XML API parsing in erlang
Some weeks ago I wrote a application in Erlang which reads data from the youtube API. I wanted to parse its content efficiently via a sax parser and xmerl was the first search result that popped up. At first I had trouble reading its documentation it is actually easy enough to use as long as you stay with the sax part (beware of the rest, it can kill your vm with a flood of atoms).

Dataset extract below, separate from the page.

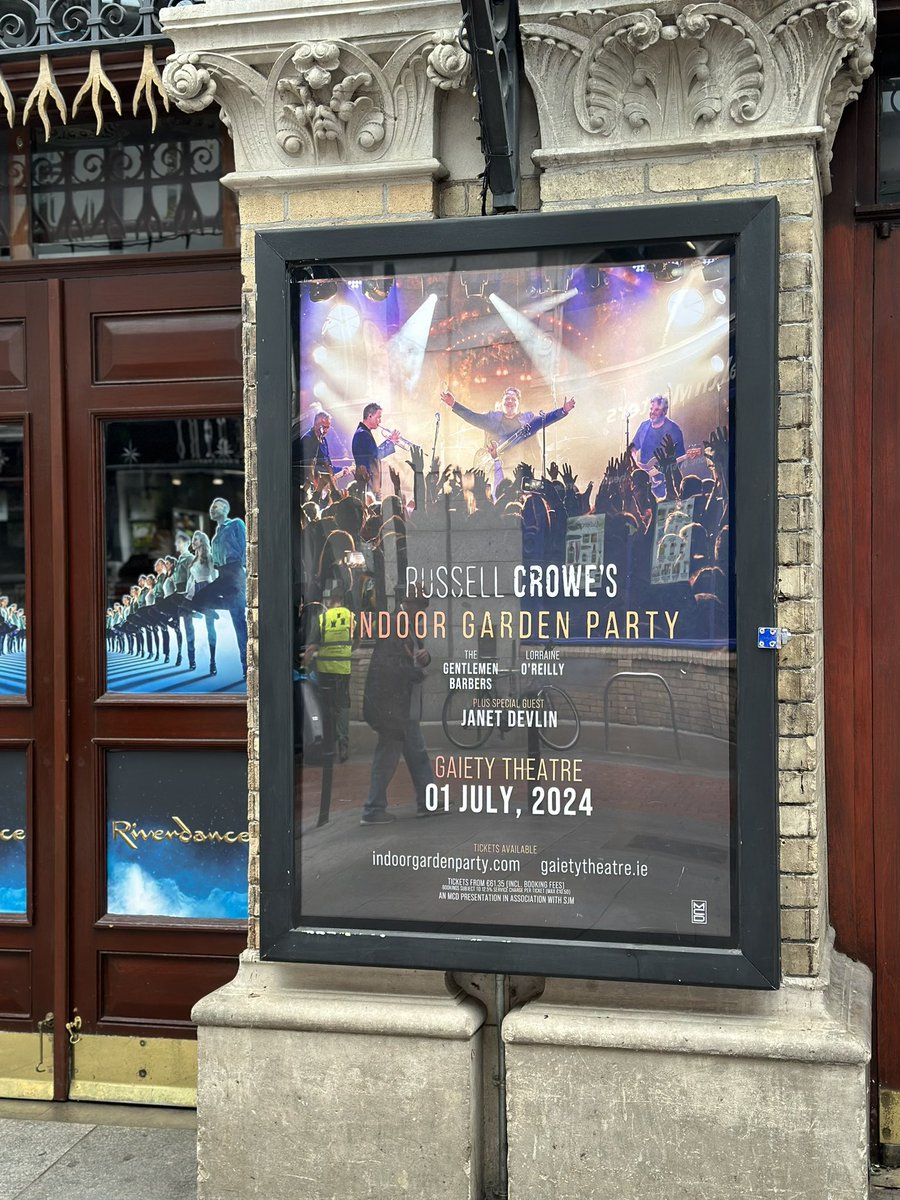 Ready and waiting… <a href="/russellcrowe/">Russell Crowe</a> <a href="/alanthomasdoyle/">Alan Doyle</a> <a href="/FriendsIgp/">•Russell Crowe's music and IGP's Friends•</a> <a href="/IGPmusic/">Indoor Garden Party</a> 🥳💃🏼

Implement gen_server behaviour
The whole application is build with Erlang OTP in mind, so the crawler is started as a gen_server (via a supervisor/ppool setup) which starts to parse after it initialized itself (omitted the none functional parts):
-module(erlytdl_crawler_worker).
-behaviour(gen_server).
-include("erlytdl.hrl").
-include_lib("xmerl/include/xmerl.hrl").
%% API
-export([start_link/1]).
-export([init/1,handle_call/3,handle_cast/2,handle_info/2,code_change/3,terminate/2]).
%% ===================================================================
%% API functions
%% ===================================================================
start_link(Args) ->
gen_server:start_link(?MODULE, Args, []).

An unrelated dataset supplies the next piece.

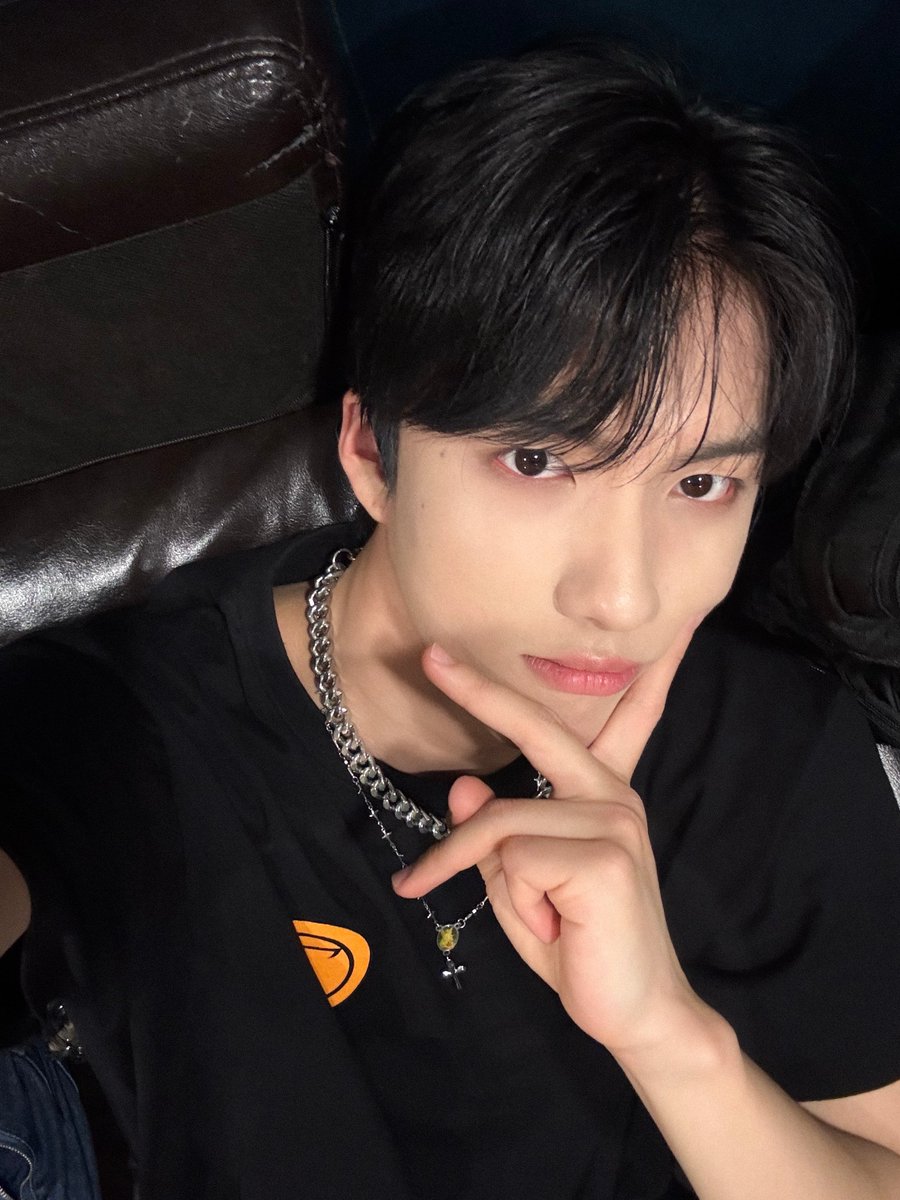 TRENDZ (트렌드지) tweet media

%% ===================================================================
%% gen_server callbacks
%% ===================================================================
init(Channel = #channel{}) ->
%error_logger:info_msg("client crawler init~n",[]),
{ok, Channel, 0}.
%% ...
handle_info(timeout, Channel) ->
%% sync here, after finished, stop process
case get_total(Channel#channel.name) of
{ok, Total} ->
if
Total > Channel#channel.total ->
error_logger:info_msg("~s: Parsing ~s entries~n",
[Channel#channel.name, integer_to_list(Total-Channel#channel.total)]),
get_new_entries(
build_url(
channel_info,
[Channel#channel.name, integer_to_list(1), integer_to_list(25)]),
Total-Channel#channel.total,
Channel),
update_total(Channel, Total),
%% update total in channel
{stop, normal, Channel};
true ->
{stop, {shutdown, nothing_new}, Channel}
end;
Error ->
{stop, {shutdown,Error}, Channel}
end;
handle_info(Msg,Channel) ->
error_logger:error_msg("Unknown Message: ~p~n",[Msg]),
{noreply,Channel}.
%% ...
Making the HTTPC request
Before we can parse the xml content we need to query it from the server via httpc via get_new_entries:
Argument | Description |
---|---|
URL | The URL we need to query |
ToFind | How many more entries we need to find (gets calculated via parsing of total entries and how many entries we already found) |
Channel | General information about the channel we are parsing, needed for DB interaction (not covered here) |
get_new_entries(none, _ToFind, _Channel) ->
finished;
get_new_entries(_URL, ToFind, _Channel) when ToFind =< 0 ->
finished_early;
get_new_entries(URL, ToFind, Channel) when ToFind > 0 ->
case httpc:request(URL) of
{ok, {{_Version, 200, _ReasonPhrase}, _Headers, Body}} ->
{ok, #parser_state{file_list=FileList, next_url=NextUrl}, _} = parse_xml(Body),
NewToFind = insert_files(FileList, ToFind, Channel),
get_new_entries(NextUrl, NewToFind, Channel);
{ok, {{_Version, 404, _ReasonPhrase}, _Headers, _Body}} ->
error_logger:error_msg("404 during httpc:request(~s)~n", [URL]),
not_found
end.
xmerl sax parser in action
Now that the basics are out of the way we can get to the real thing, parsing the xml content via parse_xml, which gets passed the xml content we retrieved via the httpc:request from earlier. The most crucial part of sax parsing is to have a decent data structure to put your data into, we are going to use parser_state for that purpose.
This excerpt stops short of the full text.